● **Exercise**:
The lines below must be transcribed exactly as given, with the images removed.

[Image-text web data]
_ _ _ _ _

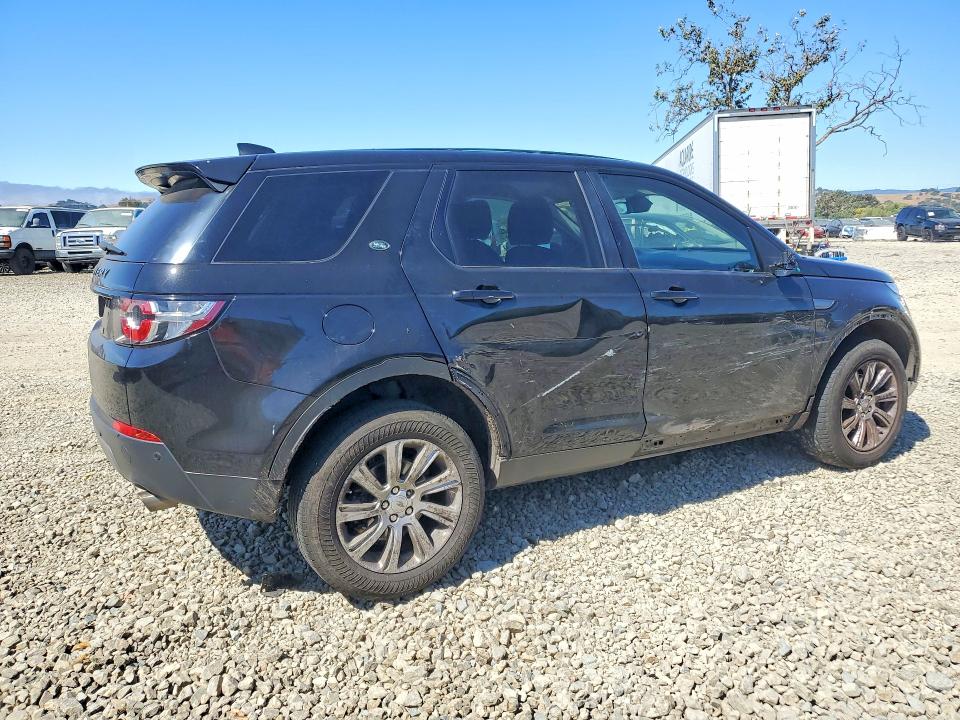 59336036 :رقم المزاد ، SALCP2BG3HH696793 vin ، 2017 Land Rover Discovery Sport مزاد بيع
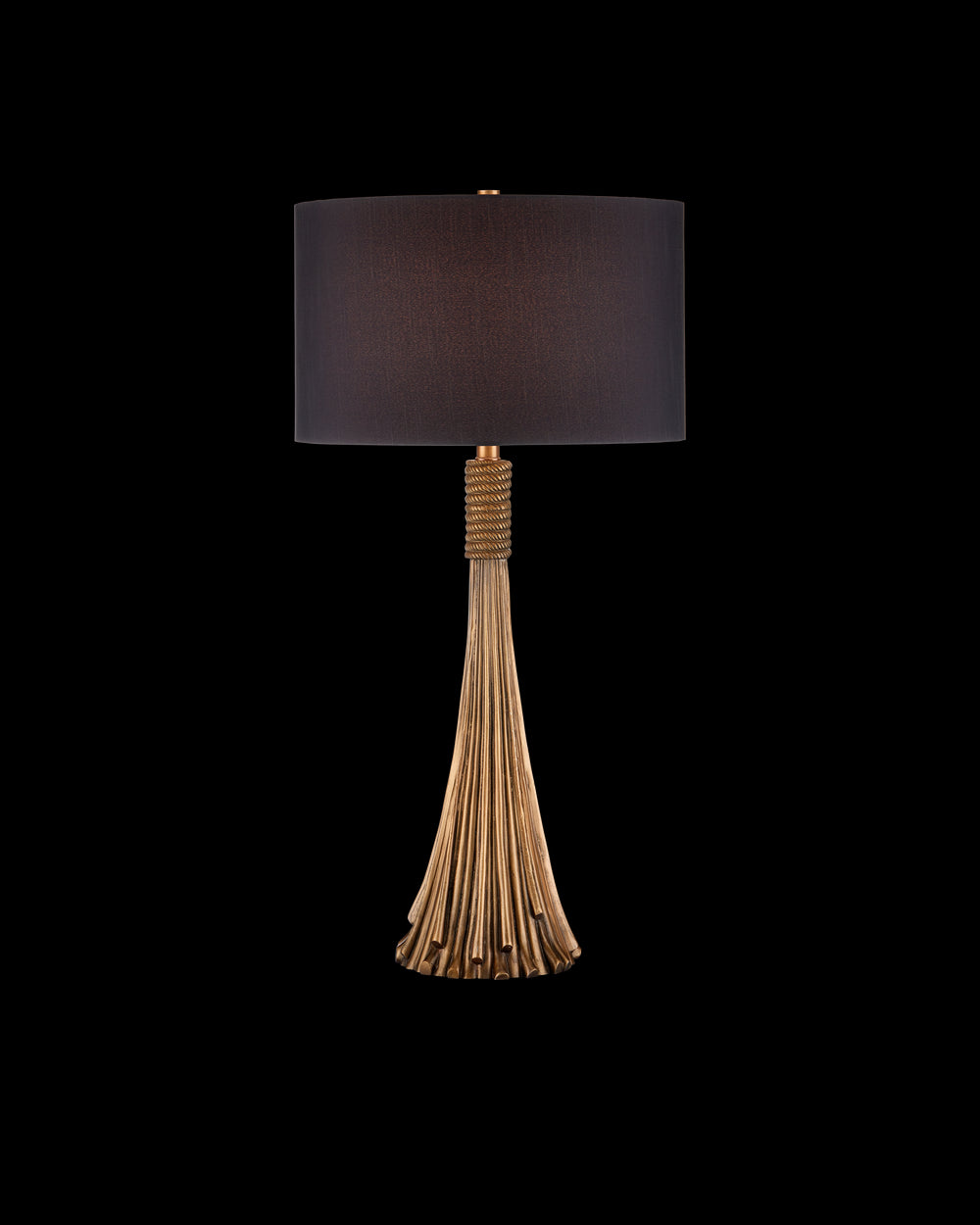 Currey & Company Baroque Table Lamp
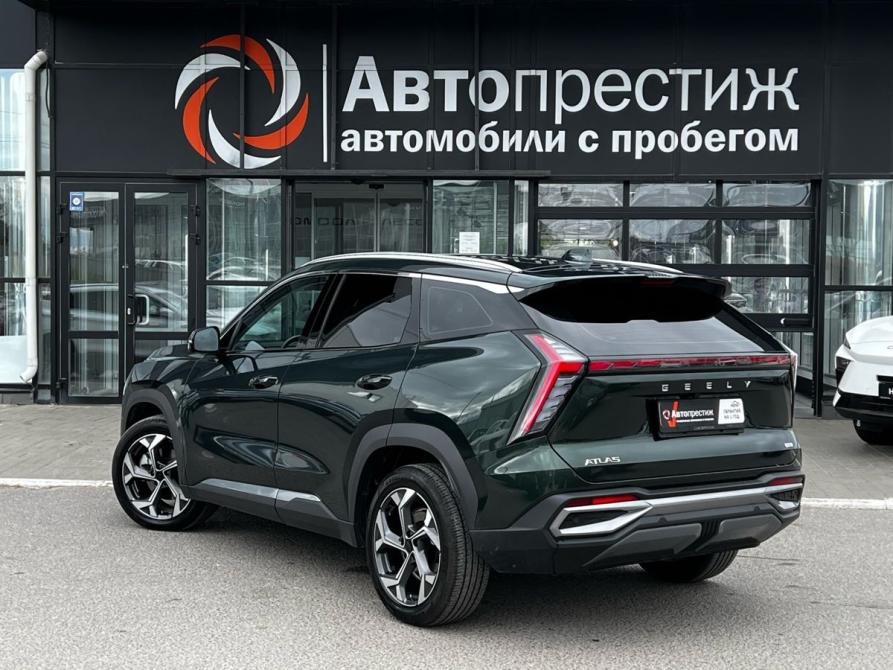Geely Atlas II Волгоград  - изображение 4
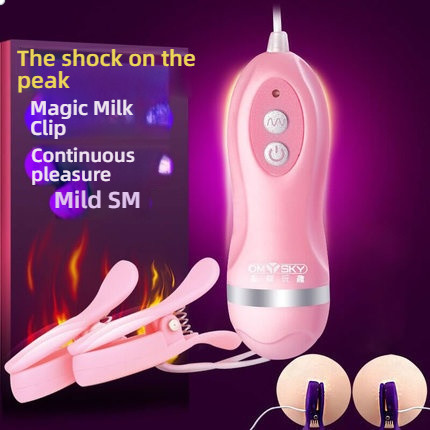 Omysky brings a stunning new experience of erotic breast and vaginal clips
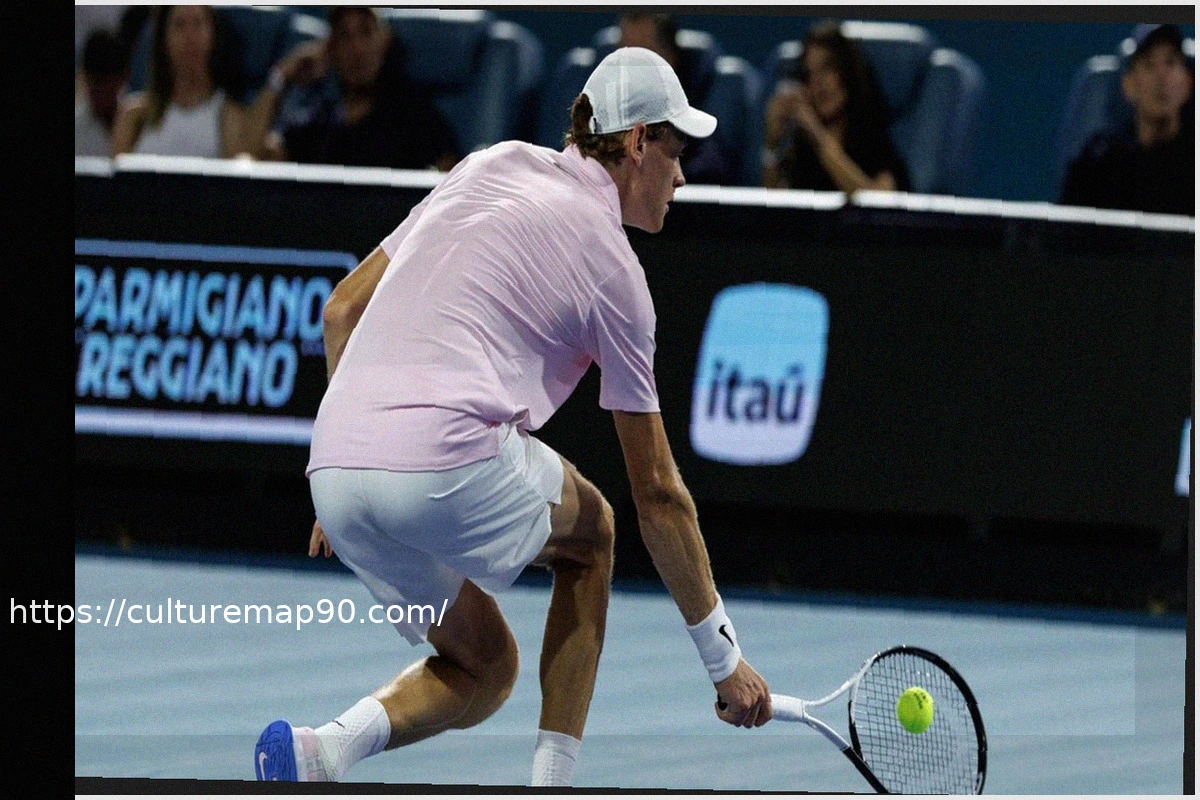 Preview Jannik Sinner’s Incredible Fair Play Against Moutet: ‘I Touched It’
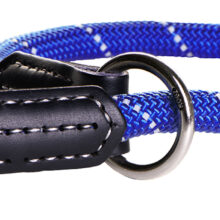 Rope Obedience M Blue (Dun 35cm)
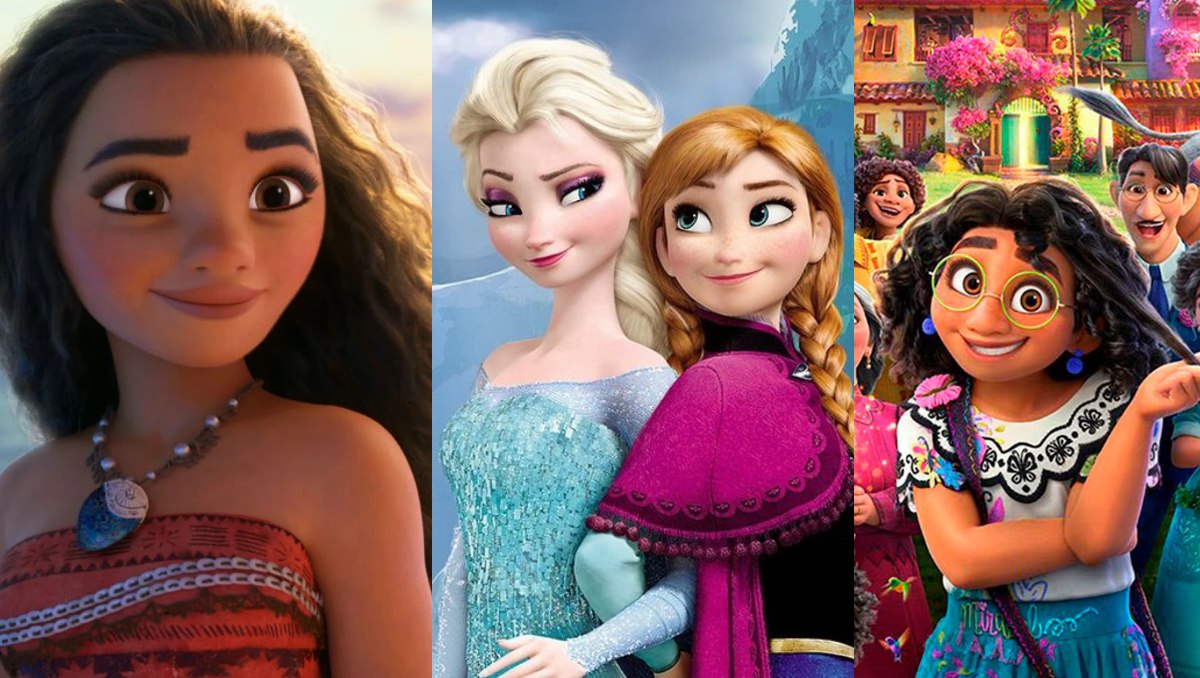 Así son las nuevas versiones inclusivas de Disney en lenguaje de señas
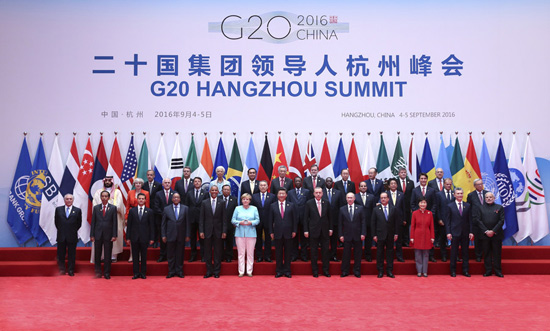 从习近平主席致开幕辞看g20杭州峰会谈什么为什么要谈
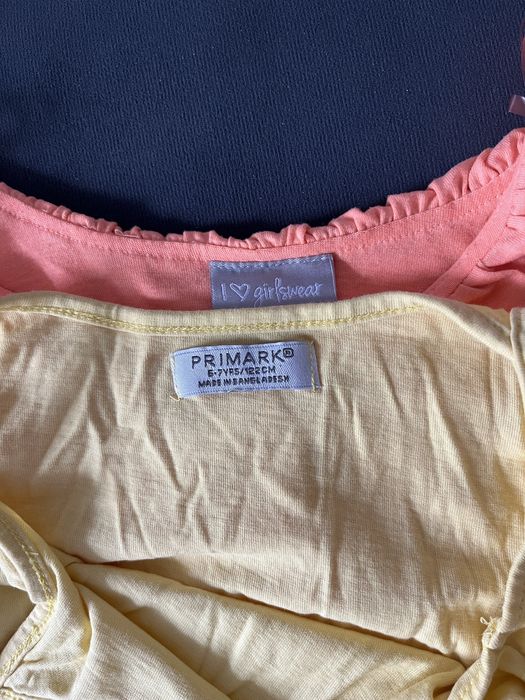 Ромпер р.122 (6-7 лет) Летний комбинезон Літній комбінезон Primark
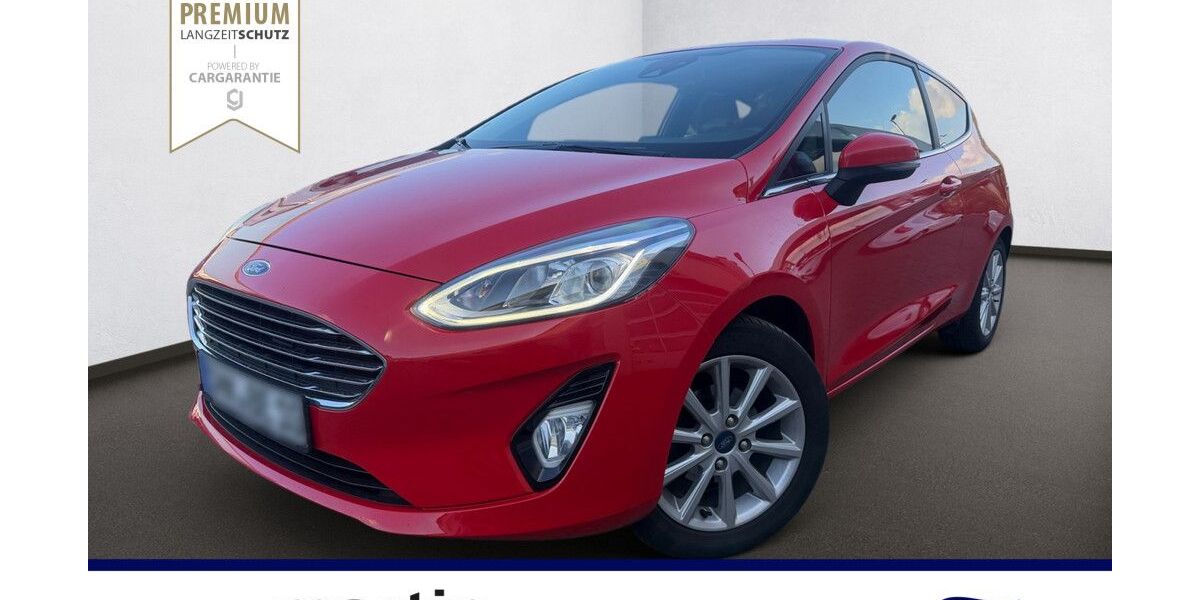 Ford Fiesta 78.154 km 9.490 &euro; Helmstedt 38350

_ _ _ _ _

● **Solved exercise**:
 59336036 :رقم المزاد ، SALCP2BG3HH696793 vin ، 2017 Land Rover Discovery Sport مزاد بيع
 Currey & Company Baroque Table Lamp
Geely Atlas II Волгоград  - изображение 4
 Omysky brings a stunning new experience of erotic breast and vaginal clips
 Preview Jannik Sinner’s Incredible Fair Play Against Moutet: ‘I Touched It’
 Rope Obedience M Blue (Dun 35cm)
 Así son las nuevas versiones inclusivas de Disney en lenguaje de señas
 从习近平主席致开幕辞看g20杭州峰会谈什么为什么要谈
 Ромпер р.122 (6-7 лет) Летний комбинезон Літній комбінезон Primark
 Ford Fiesta 78.154 km 9.490 &euro; Helmstedt 38350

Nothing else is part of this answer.